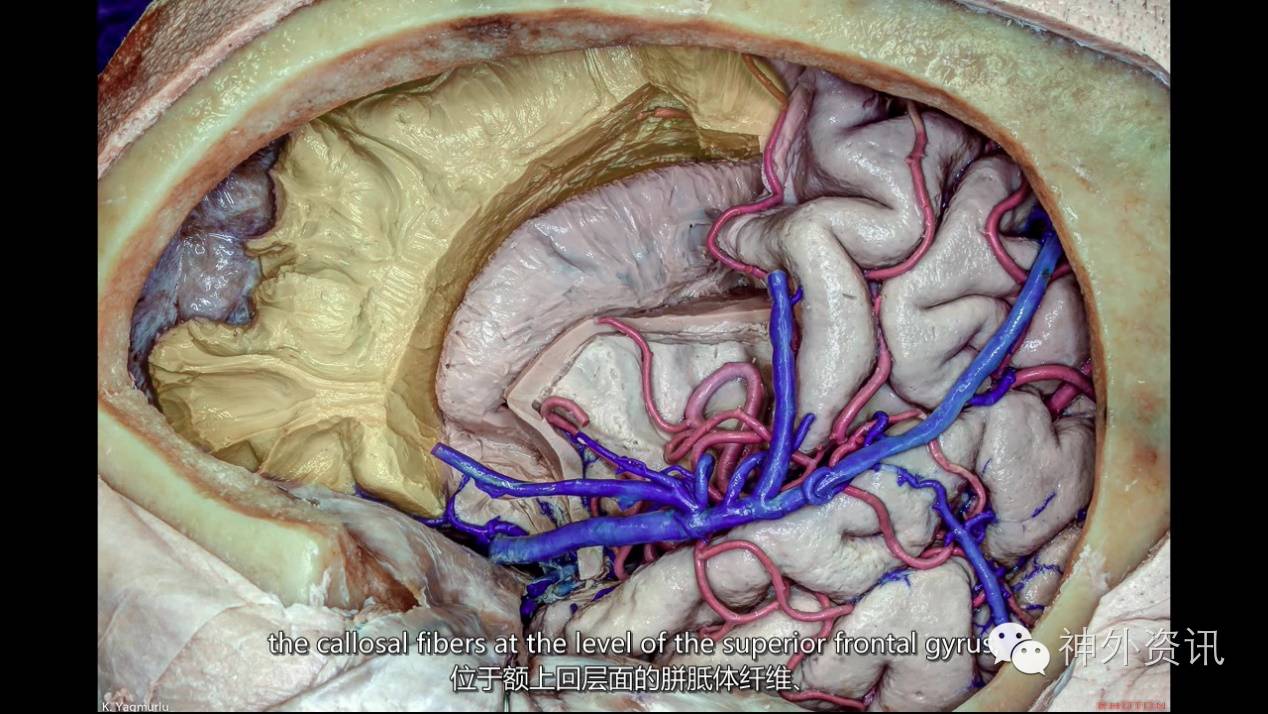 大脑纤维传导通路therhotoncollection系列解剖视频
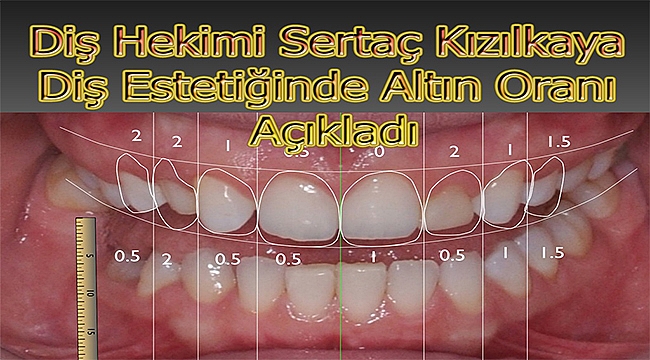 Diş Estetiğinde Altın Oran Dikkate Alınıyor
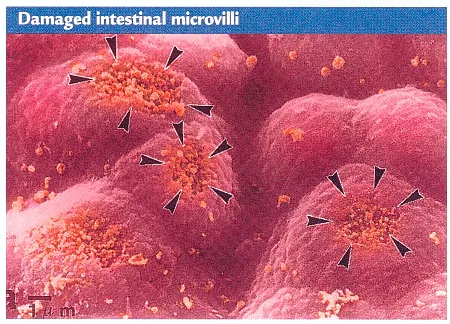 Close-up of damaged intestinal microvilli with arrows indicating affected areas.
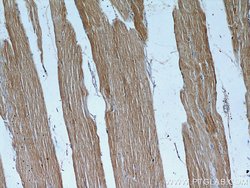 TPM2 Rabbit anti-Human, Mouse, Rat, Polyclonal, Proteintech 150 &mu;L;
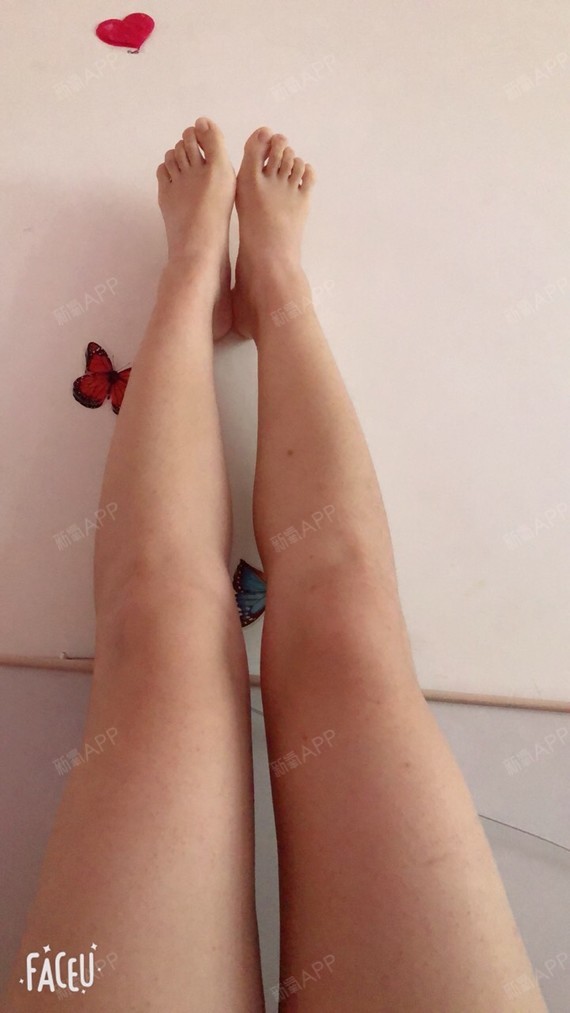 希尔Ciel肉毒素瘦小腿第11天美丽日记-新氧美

* * *

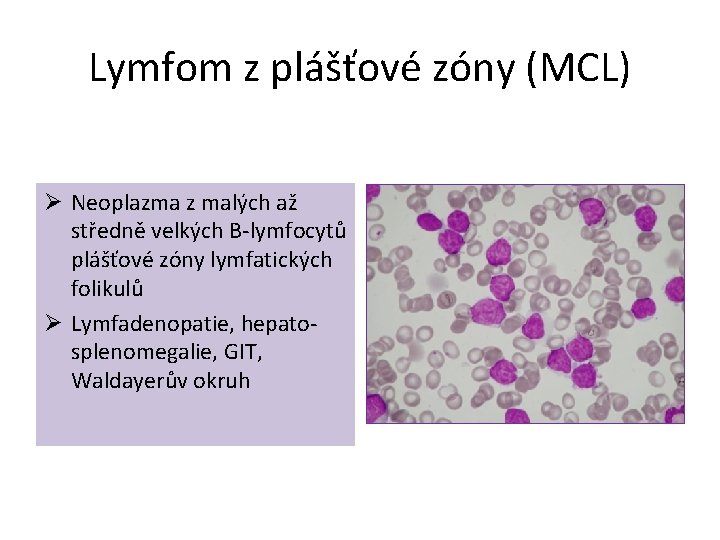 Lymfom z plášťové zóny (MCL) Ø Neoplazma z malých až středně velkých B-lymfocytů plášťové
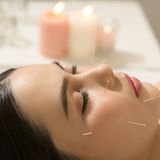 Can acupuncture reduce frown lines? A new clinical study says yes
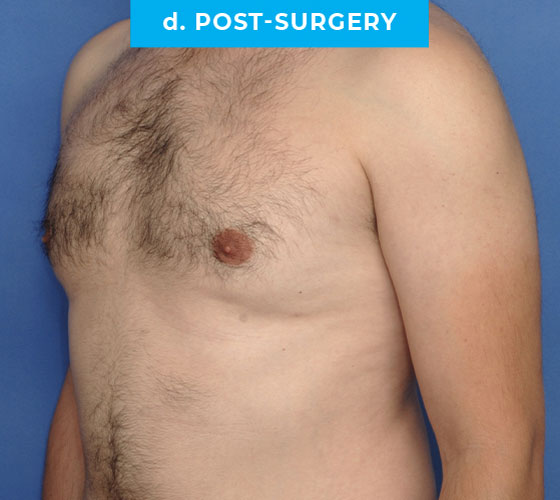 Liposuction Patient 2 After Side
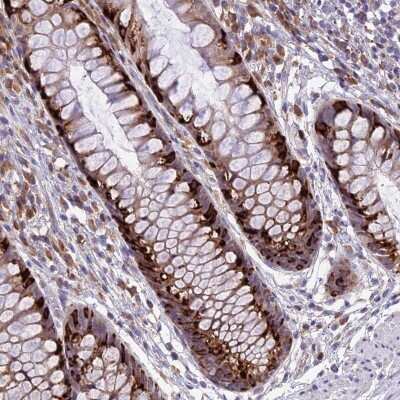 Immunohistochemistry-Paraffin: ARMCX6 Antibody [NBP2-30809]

> **ASSIGNMENT**: Write out word for word the lines above that run from the one with "Close-up of damaged" to the one with "希尔Ciel肉毒素瘦小腿第11天美丽日记-新氧美". Include both end lines; exclude the images.

> **RESULT BELOW**:
 Close-up of damaged intestinal microvilli with arrows indicating affected areas.
 TPM2 Rabbit anti-Human, Mouse, Rat, Polyclonal, Proteintech 150 &mu;L;
 希尔Ciel肉毒素瘦小腿第11天美丽日记-新氧美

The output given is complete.